Busta paga più leggera, gennaio si chiude in negativo
Se il reddito effettivo del 2025 risulta più alto del previsto, il ricalcolo può generare un aumento delle imposte dovute e quindi una trattenuta più pesante. La novità introdotta dalla legge di Bilancio 2025 riguarda il fatto che lo sgravio fiscale viene calcolato su base annua e non più mensile.

La prima busta paga dell’anno sarà anche la più leggera – ematube.it
Questo significa che il superamento delle soglie di reddito stabilite comporta la restituzione delle somme percepite durante l’anno.
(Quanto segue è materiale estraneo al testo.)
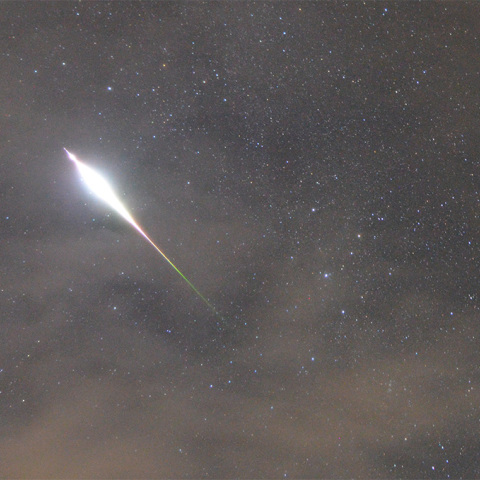 ペルセウス流星群の火球
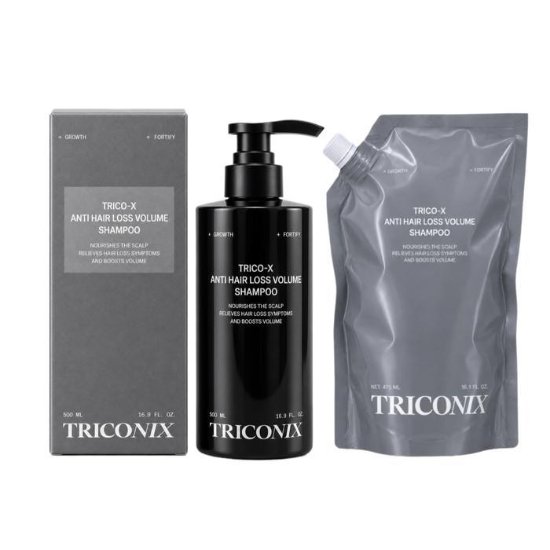 트리코닉스 트리코엑스 블랙샴푸 500ml + 리필 475ml 1세트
I lavoratori che hanno ricevuto aumenti non programmati risultano maggiormente esposti al rischio di un conguaglio negativo particolarmente oneroso.
I datori di lavoro applicano bonus e detrazioni basandosi su stime, non potendo prevedere eventuali incrementi salariali futuri. L’Agenzia delle Entrate verifica il corretto rispetto dei requisiti per i benefici fiscali e produce il conguaglio di inizio anno.
Chi non ha avuto variazioni retributive nel corso dell’anno può considerarsi relativamente al sicuro, riducendo il rischio di dover restituire somme significative. Una delle situazioni più delicate riguarda il trattamento integrativo, noto come ex bonus Renzi, che può decadere al raggiungimento dei 15.000 euro di reddito.
In questo caso, il lavoratore potrebbe essere costretto a restituire fino a 1.200 euro, comprendendo le mensilità percepite nel 2025. Il taglio del cuneo fiscale garantisce un bonus mensile variabile in base al reddito complessivo dichiarato dal contribuente.
La percentuale è pari al 7,1% per redditi fino a 8.500 euro, al 5,3% tra 8.500 e 15.000 euro e al 4,8% tra 15.000 e 20.000 euro. Un lavoratore con reddito annuo di 19.000 euro può ottenere un beneficio massimo di 912 euro, che contribuisce ad alleggerire il peso fiscale complessivo.
Superata la soglia dei 20.000 euro, il bonus si trasforma in una detrazione che può arrivare fino a 1.000 euro tra 20.000 e 32.000 euro. La detrazione diminuisce progressivamente fino ad annullarsi completamente al raggiungimento dei 40.000 euro di reddito annuo.
Chi supera queste soglie deve restituire le somme percepite, spesso in un’unica soluzione, con un impatto immediato sulla busta paga. Il 2026 si presenta quindi come un anno in cui la gestione del reddito richiederà particolare attenzione per evitare spiacevoli sorprese fiscali.